Squire – Heavy Armour and Shield

by Secluded Copyist

Par dungeon synth médiéval, on entend souvent dungeon synth à thématiques médiévalisantes. Il est d’avis à votre narrateur, et sans doute à d’autres, que le dungeon synth stricto sensu est obligatoirement médiéval, mais ce fantasme ne correspond guère à la réalité. Au cœur d’une myriade de projets orchestraux fort poétiques, on trouve quelques projets à la démarche plus confidentielle et aux sonorités plus rustiques. Ces projets véhiculent une idée du dungeon synth médiéval authentique et grisante. Ils viennent d’accueillir dans leurs rangs un nouvel artiste qu’il faudra dès lors suivre de près. Venu des froides forêts de Finlande, Squire renoue avec une tradition séduisante qui semblait perdue.

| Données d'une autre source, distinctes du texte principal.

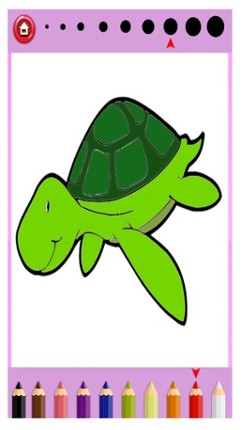 Ocean Animals Coloring Book - for Kids screenshot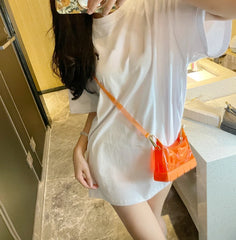 Jelly Crossbody Side Bag for Women Small Wallet Ladies Shoulder Bag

Heavy Armour and Shield ne donne pas particulièrement envie par sa pochette, peu engageante et privée de ses couleurs. En revanche, son titre, délicieusement stéréotypé, dessine une moue intéressée sur les visages. Un projet dont le nom est Squire et dont la première sortie s’intitule Heavy Armour and Shield ne peut qu’entraîner son auditoire sur les vastes sentiers passéistes du dungeon synth médiéval. Cette première sortie s’ouvre sur les cuivres saisissants de « Opening of the Gates ». L’assemblage installe d’emblée une atmosphère un brin épique, de façon très agréable. On sait à quel point le registre épique peut se muer en piège dans le dungeon synth, Squire ne tombe pas dedans. Au contraire, l’entièreté de Heavy Armour and Shield semble mue par une justesse admirable.

Les cuivres, base absolue du dungeon synth médiéval, sont les compagnons de l’auditeur du début à la fin de l’album. C’est notamment le cas sur l’excellent « Herttua Kultakypärä », qui se permet même quelques envolées dansantes du plus bel effet. La tracklist semble pauvre en apparence, on évidemment loin des Canterbury Tales de Chaucerian Myth, mais Squire est parvenu à travailler chaque titre de façon à lui donner une identité propre, et sans jamais mettre en péril l’homogénéité de l’album. Une prouesse dans ce registre. On a de l’épique avec « Opening of the Gates » et « The Retinue », du sombre et lancinant avec « An Old Enemy », et même de l’aérien avec « Bloodstained Surcoats ».

Sur le plan technique, l’artiste maîtrise suffisamment son matériel pour donner de l’épaisseur à sa musique sans jamais menacer son authenticité. Malgré la multiplication des mélodies, plages et sonorités, on demeure du début à la fin face à un dungeon synth intimiste et sincère. Une manière on ne peut plus respectable de conter la richesse d’une époque qui inspire tant. Squire a compris tout cela à merveille et met au monde une première sortie très réussie. Le projet finlandais marche sur les pas des Utred, Sagenhaft et autres Oldenhelm, excusez du peu. Regardez-moi dans les yeux et dites-moi que « Lance Formation » ne ressemble pas à Utred période Citadel. On lui souhaite de tout cœur de parvenir au même rayonnement et à la même notoriété.

Malgré la relative modestie de son format, Heavy Armour and Shield a beaucoup de choses à raconter. Il s’adresse à tous les amoureux du dungeon synth sans exception, histoire que chacun sache ce à quoi ressemble le travail d’un artiste désireux d’évoluer dans un registre traditionnel, inspiré par des rêves faits de donjons, de vieilles chapelle et d’épaisses murailles. Il est émouvant de voir des artistes continuer à sortir ce genre d’albums, et l’on espère à ce titre que Squire ne va pas s’arrêter de sitôt.